Search each line of the data for the word "YouTube"; copy every line where it is found.
##### DATA TO PROCESS
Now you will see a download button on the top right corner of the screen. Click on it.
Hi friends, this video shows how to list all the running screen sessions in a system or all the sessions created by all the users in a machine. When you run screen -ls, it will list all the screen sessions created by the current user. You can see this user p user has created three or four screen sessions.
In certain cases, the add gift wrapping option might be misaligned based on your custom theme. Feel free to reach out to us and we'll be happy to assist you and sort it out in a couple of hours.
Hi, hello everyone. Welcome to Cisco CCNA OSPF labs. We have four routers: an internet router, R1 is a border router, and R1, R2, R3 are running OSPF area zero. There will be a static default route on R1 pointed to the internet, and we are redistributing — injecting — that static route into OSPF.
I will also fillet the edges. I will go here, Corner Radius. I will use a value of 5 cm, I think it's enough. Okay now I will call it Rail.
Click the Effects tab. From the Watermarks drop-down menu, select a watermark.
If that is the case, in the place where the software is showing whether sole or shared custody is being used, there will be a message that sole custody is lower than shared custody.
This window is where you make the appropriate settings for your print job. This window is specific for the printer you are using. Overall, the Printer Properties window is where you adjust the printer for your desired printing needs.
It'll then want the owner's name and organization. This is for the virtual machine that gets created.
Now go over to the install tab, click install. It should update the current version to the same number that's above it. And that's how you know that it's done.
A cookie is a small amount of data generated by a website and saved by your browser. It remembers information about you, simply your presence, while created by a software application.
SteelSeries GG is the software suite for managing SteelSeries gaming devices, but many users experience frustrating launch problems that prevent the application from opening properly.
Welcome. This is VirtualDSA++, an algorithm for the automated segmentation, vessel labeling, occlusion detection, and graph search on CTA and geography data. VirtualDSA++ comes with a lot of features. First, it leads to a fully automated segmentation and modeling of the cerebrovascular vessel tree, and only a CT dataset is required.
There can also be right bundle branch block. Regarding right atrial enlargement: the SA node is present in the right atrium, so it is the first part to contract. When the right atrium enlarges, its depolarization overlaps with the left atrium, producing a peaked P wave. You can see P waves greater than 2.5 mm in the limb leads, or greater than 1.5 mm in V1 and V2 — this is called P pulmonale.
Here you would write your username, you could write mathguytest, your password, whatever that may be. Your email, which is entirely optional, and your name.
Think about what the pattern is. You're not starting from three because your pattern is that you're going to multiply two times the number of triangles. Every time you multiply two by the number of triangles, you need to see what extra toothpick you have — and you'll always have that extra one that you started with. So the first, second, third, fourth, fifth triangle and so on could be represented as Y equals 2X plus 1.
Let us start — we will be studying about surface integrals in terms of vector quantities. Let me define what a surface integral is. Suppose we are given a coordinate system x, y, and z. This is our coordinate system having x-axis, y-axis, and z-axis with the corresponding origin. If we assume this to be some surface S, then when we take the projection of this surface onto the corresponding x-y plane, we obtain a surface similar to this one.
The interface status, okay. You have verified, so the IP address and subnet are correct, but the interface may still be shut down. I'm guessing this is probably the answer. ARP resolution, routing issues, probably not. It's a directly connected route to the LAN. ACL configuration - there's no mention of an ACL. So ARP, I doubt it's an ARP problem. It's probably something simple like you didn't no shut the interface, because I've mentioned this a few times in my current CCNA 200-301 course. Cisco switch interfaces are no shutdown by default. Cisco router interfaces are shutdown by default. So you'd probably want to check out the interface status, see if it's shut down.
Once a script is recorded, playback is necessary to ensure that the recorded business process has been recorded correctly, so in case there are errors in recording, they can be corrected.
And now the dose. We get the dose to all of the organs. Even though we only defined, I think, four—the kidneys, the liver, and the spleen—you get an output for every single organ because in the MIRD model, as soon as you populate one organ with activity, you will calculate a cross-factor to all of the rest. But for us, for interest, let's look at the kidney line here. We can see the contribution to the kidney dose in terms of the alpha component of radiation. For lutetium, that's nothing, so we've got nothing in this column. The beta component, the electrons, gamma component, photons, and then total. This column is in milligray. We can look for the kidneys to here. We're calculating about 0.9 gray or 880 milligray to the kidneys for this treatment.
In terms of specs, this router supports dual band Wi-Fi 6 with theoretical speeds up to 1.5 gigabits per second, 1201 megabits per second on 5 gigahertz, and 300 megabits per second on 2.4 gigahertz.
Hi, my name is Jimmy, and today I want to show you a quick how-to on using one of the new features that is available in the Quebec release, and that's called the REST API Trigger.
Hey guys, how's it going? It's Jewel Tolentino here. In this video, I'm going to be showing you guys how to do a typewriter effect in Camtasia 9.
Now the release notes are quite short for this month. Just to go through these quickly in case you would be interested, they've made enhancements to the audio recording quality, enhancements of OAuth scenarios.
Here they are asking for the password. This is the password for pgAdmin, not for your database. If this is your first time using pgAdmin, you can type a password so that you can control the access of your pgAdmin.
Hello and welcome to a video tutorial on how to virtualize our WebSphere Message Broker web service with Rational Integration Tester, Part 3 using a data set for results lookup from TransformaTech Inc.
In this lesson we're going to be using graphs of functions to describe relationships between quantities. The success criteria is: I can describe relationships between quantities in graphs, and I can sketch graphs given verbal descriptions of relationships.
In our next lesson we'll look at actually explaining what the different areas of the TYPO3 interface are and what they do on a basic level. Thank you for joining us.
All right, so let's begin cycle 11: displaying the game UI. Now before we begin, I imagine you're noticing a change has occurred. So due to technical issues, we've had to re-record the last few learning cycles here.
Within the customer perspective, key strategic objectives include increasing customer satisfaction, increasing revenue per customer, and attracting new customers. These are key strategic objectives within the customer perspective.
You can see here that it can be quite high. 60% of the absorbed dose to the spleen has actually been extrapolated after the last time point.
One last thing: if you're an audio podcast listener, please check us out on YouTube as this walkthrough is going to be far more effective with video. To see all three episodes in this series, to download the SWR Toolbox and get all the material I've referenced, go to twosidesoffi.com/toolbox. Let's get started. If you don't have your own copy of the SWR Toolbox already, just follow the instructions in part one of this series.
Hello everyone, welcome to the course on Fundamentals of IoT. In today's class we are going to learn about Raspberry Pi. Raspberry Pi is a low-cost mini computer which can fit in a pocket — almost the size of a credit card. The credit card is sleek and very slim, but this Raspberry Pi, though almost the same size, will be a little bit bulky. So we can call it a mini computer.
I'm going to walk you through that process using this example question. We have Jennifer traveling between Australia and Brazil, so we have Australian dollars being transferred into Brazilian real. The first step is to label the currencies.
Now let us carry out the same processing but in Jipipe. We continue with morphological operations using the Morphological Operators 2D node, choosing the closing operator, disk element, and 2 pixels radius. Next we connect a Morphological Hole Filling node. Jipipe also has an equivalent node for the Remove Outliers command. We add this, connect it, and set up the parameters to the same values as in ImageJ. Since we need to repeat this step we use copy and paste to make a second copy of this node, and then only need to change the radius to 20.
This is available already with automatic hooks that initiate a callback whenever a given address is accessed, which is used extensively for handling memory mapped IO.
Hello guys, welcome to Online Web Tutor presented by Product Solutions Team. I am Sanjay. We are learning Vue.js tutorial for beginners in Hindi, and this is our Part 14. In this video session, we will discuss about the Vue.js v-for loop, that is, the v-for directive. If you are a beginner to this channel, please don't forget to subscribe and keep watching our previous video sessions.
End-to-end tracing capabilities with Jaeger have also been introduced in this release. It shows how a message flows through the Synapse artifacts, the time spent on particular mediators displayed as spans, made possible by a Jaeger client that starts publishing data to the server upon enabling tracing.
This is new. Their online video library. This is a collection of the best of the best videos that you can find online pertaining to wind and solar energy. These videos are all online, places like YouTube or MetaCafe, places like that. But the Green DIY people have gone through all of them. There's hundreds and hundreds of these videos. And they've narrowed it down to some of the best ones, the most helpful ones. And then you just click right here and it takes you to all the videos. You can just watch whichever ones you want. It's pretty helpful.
##########
ANSWER AREA.
One last thing: if you're an audio podcast listener, please check us out on YouTube as this walkthrough is going to be far more effective with video. To see all three episodes in this series, to download the SWR Toolbox and get all the material I've referenced, go to twosidesoffi.com/toolbox. Let's get started. If you don't have your own copy of the SWR Toolbox already, just follow the instructions in part one of this series.
This is new. Their online video library. This is a collection of the best of the best videos that you can find online pertaining to wind and solar energy. These videos are all online, places like YouTube or MetaCafe, places like that. But the Green DIY people have gone through all of them. There's hundreds and hundreds of these videos. And they've narrowed it down to some of the best ones, the most helpful ones. And then you just click right here and it takes you to all the videos. You can just watch whichever ones you want. It's pretty helpful.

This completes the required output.